PAR PAPA MOCTAR SELANE, JOURNALISTE
Après une lecture de l’œuvre de l’historienne Séverine Awenengo Dalberto, force est de reconnaître la qualité certaine de la production articulée autour d’une documentation riche et variée. Résultat de deux décennies de recherche. Ce qui confère à ce livre d’histoire l’estampille « travail scientifique ». L’ouvrage, au-delà de son titre qui « fait peur » à certains « brillants esprits », adeptes de la censure, retrace des pans importants de l’histoire du Sénégal colonial, surtout la région casamançaise, la naissance du Mouvement des forces démocratiques de Casamance (MFDC) et ses rapports avec Léopold Sédar Senghor et les premières années du Sénégal indépendant.

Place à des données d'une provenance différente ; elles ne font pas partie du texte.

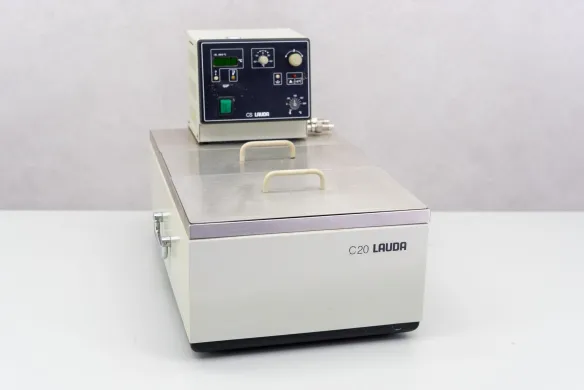 Lauda CS20 Circulating Water Bath with Thermostat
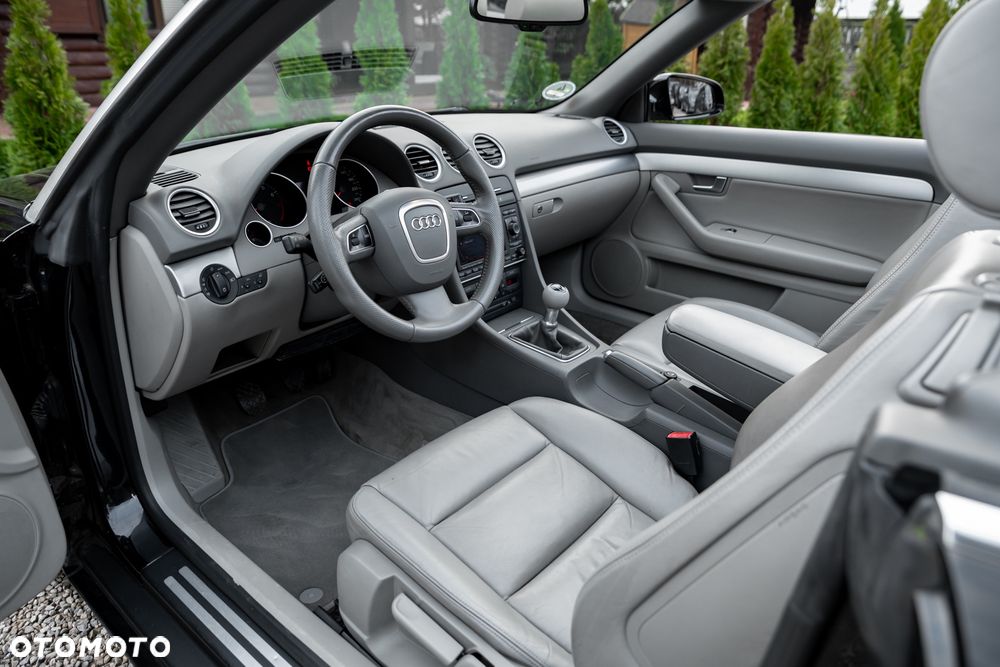 Audi A4 Cabrio 1.8 T - 14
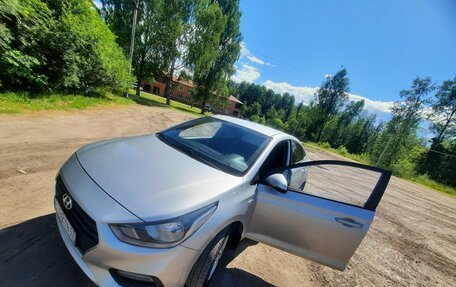 Hyundai Solaris II рестайлинг, 2018 год, 1 200 000 рублей, 7 фотография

« L’idée de la Casamance autonome »
J’ai compris que l’idée de la « Casamance autonome », en effet, est surtout développée par des administrateurs et commerçants européens dans la dynamique de l’effectivité de l’occupation française. A l’accueil de William Ponty en 1914 à Ziguinchor, des membres de la chambre de commerce ont clairement exprimé, pour la première fois, leur volonté de voir la Casamance autonome pour « le développement du commerce et la réussite du dessein colonial » (p.99-100).

En plus des commerçants, pendant plus de vingt ans, des commis de l’administration coloniale ont maintes fois plaidé pour l’érection de la Casamance en une circonscription autonome avec l’extension de leur autorité sur cette partie du Sénégal colonial du fait sa « particularité », une particularité que les colons avaient eux-mêmes eu intérêt à mettre en avant pour justifier leurs difficultés militaires. De la volonté de réforme administrative du gouverneur général, William Ponty, émise en 1912, jusqu’à la suppression du statut de district et du poste d’administrateur supérieur en 1939, plusieurs propositions ont été faites. De C. Maclaud à Jean Chartier en passant par G. Descemet et H. Maubert. Sans oublier l’étude de 1939 de Jules Malbranque intitulée : « Le développement de la Casamance lié à son autonomie ». Leurs arguments étaient essentiellement d’ordre administratif, financier, logistique et économique. Toutefois, il n’a jamais été question d’une « autonomie politique » pour la circonscription de Casamance (p.81-121) : il s’agissait bien d’un projet d’une nouvelle colonie et non pas d’un territoire indépendant. Et surtout ce projet opportuniste n’a jamais été accepté.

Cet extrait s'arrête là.